(Problem to solve)
Leave out every picture, and output exactly the lines from the line containing "Face identification dark" through the last line of the data.

Data for the task START

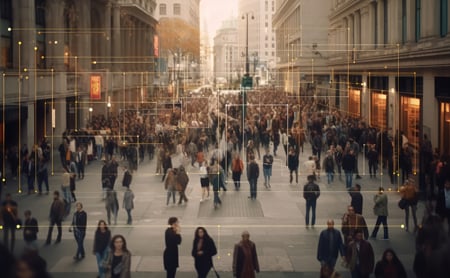 A large crowd of pedestrians walks in a city, overlay on the image has multiple lines indicating technology and connection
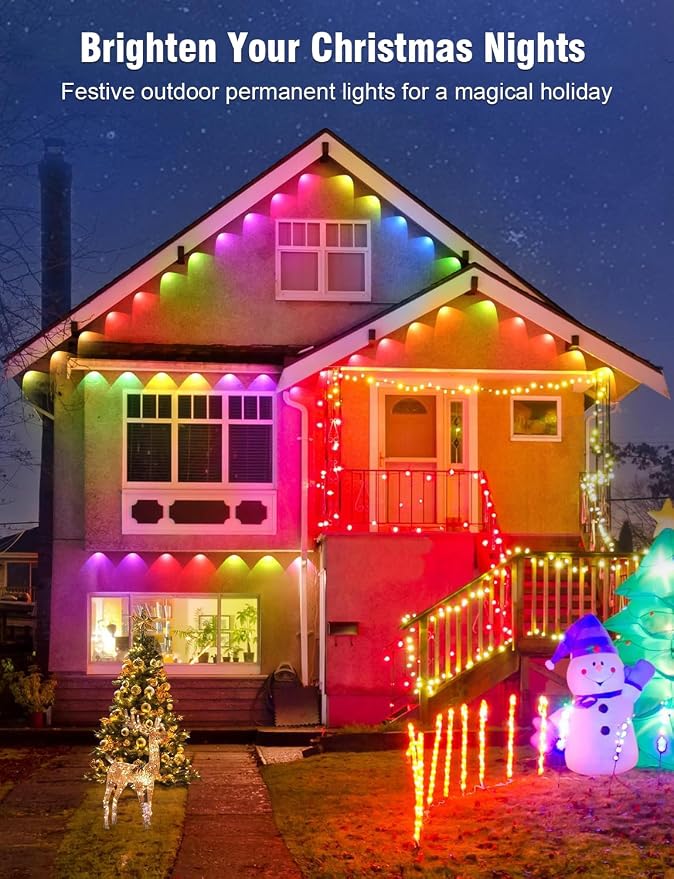 Permanent Outdoor Lights 250FT RGBIC LED Smart LED Lights, App/Remote Control IP68 Waterproof for Holiday Decor, 50 Scene Modes, DIY Lights Lighting Timing for Christmas Halloween Party M2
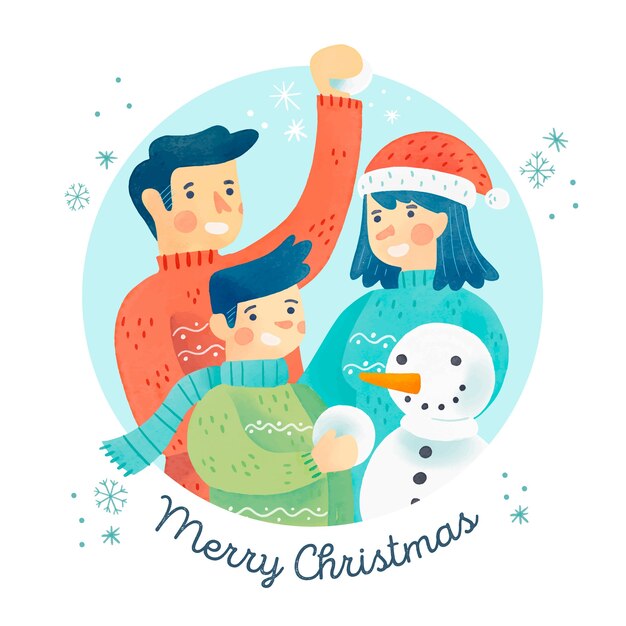 Concepto de escena familiar de Navidad en acuarela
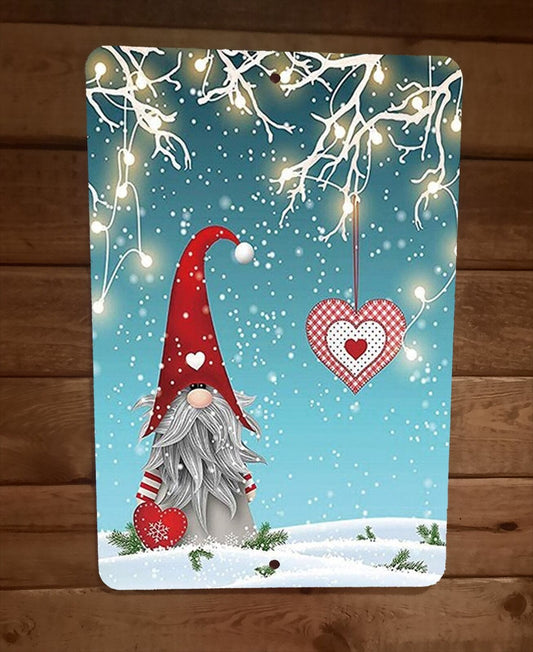 Merry Xmas Christmas Gnome 8x12 Metal Wall Sign Poster #1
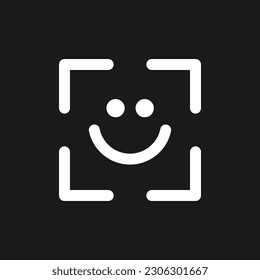 Face identification dark mode glyph ui icon. Simple filled line element. User interface design. White silhouette symbol on black space. Solid pictogram for web, mobile. Vector isolated illustration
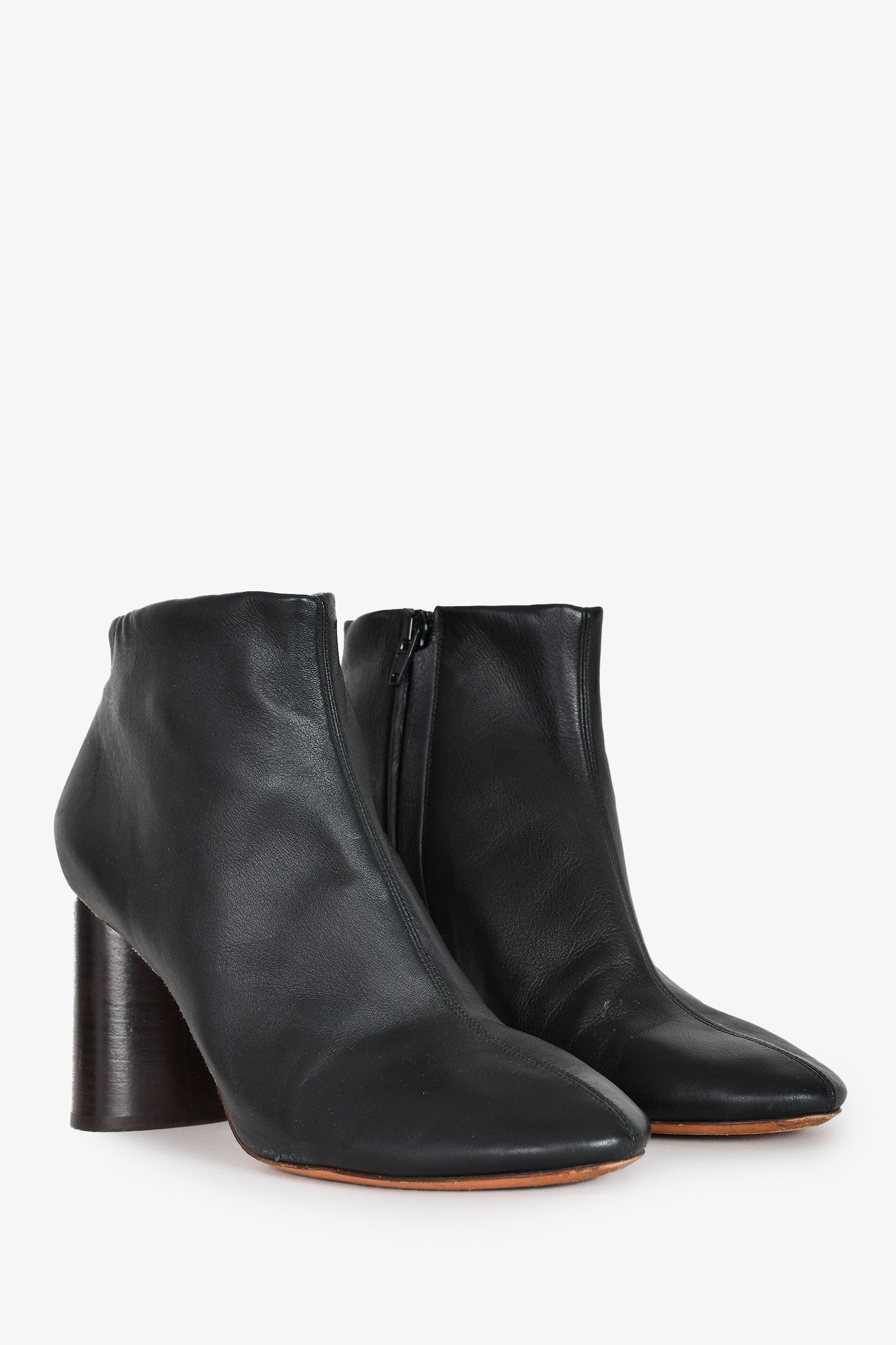 Celine Black Leather Ankle Boots Size 39.5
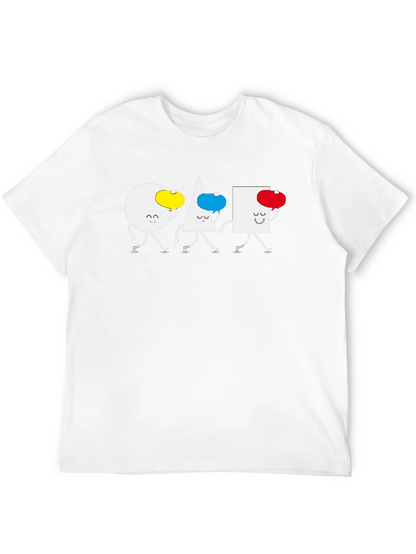 Geometric Shapes Walking T-Shirt - Black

Data for the task END

(Task answer)
 Face identification dark mode glyph ui icon. Simple filled line element. User interface design. White silhouette symbol on black space. Solid pictogram for web, mobile. Vector isolated illustration
 Celine Black Leather Ankle Boots Size 39.5
 Geometric Shapes Walking T-Shirt - Black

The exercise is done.